Shame arises from many sources. Sometimes shame is the result of having done something destructive, such as actual sin. Sometimes shame is the result of a completely subjective experience, such as embarrassment. We tend to shy away from shame because it is uncomfortable, but in doing so we deprive ourselves of the possible benefits of shame. One of those possible benefits results from seeing shame as a parable about human nature.
The estrangement that we feel when we offend someone is a reflection of the estrangement from self that all of us feel all of the time. The shame we feel when we sin is a reflection of the lamentable situation in which all people live all of the time. There is an incompleteness and a brokenness that lies at the heart of our human nature. We long for a simple and uncomplicated relationship with God, but we live in a perpetual state of estrangement from God simply because our lives are finite and unfinished.
There are countless strategies for “dealing with” shame. Some people confess their sins on a weekly basis. Some refuse to acknowledge culpability for their wrongdoing. Some medicate themselves in order not to feel their shame. I wonder if we would be better off living with shame rather than trying to diminish it. Perhaps we’d be much more comfortable with our humanity if we saw our shame as a parable about estrangement. Rather than a painful experience from which we wish to escape, perhaps shame is an invitation to look beyond the surface of life, to see that we are made for communion with the eternal. St. Augustine wrote, “You have made us for yourself, O God, and we are restless until we rest in you.”
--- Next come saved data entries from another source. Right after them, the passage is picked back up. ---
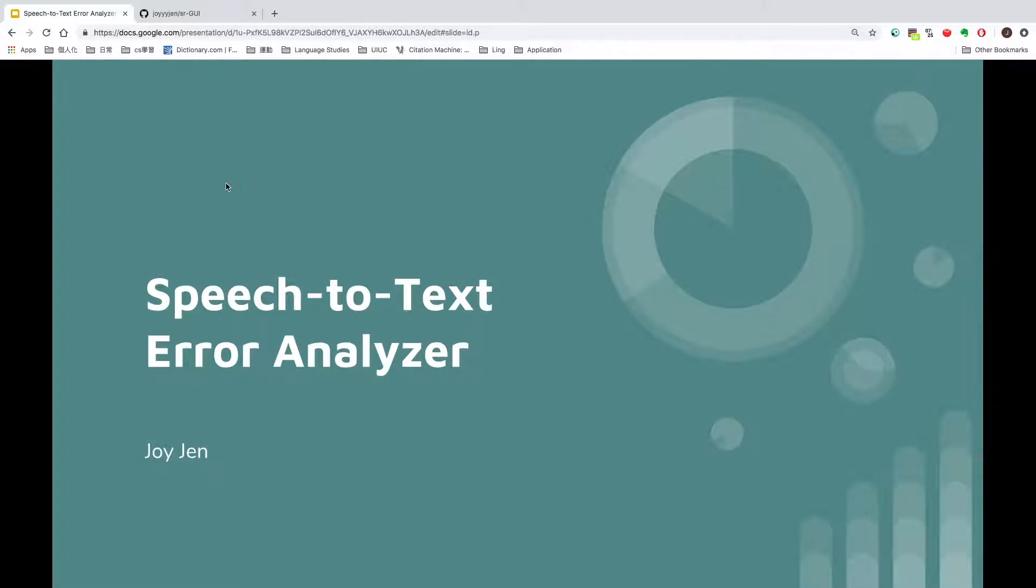Hi, I'm Joy, and my project application is Speech-to-Text Error Analyzer.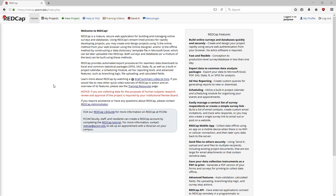When you first go to redcap.pcom.edu, your landing page is the RedCap homepage. Here, you can see a link to our RedCap LibGuide, which has lots of information about RedCap accounts, RedCap policies and procedures, and all the tutorial videos.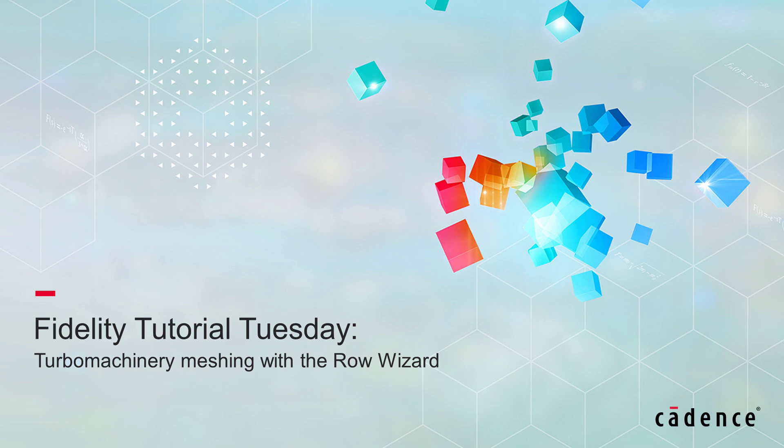Welcome to Cadence Design Systems Fidelity Tutorial Tuesday, where we show you how to use our fully integrated environment, Fidelity, in short videos of a few minutes.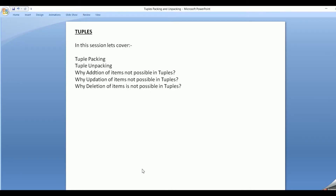Hello friends. In the previous session we had started with a new data type, that is the tuples data type. In this session let's cover more about tuples. We'll see tuple packing, tuple unpacking, why addition of items is not possible in tuples, why updation of items is not possible in tuples, and why deletion of items is not possible in tuples.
Lent invites us to repent of our sins. Sometimes we feel shame for the wrong we’ve done, and sometimes we don’t. Guilt and shame are not completely reliable indications of sin, but they are always instructive parables about life. If you read your life’s story as a parable about God, what conclusions would you draw? If you interpret the parable accurately, you will find a question that only God can answer and a desire that only God can fulfill.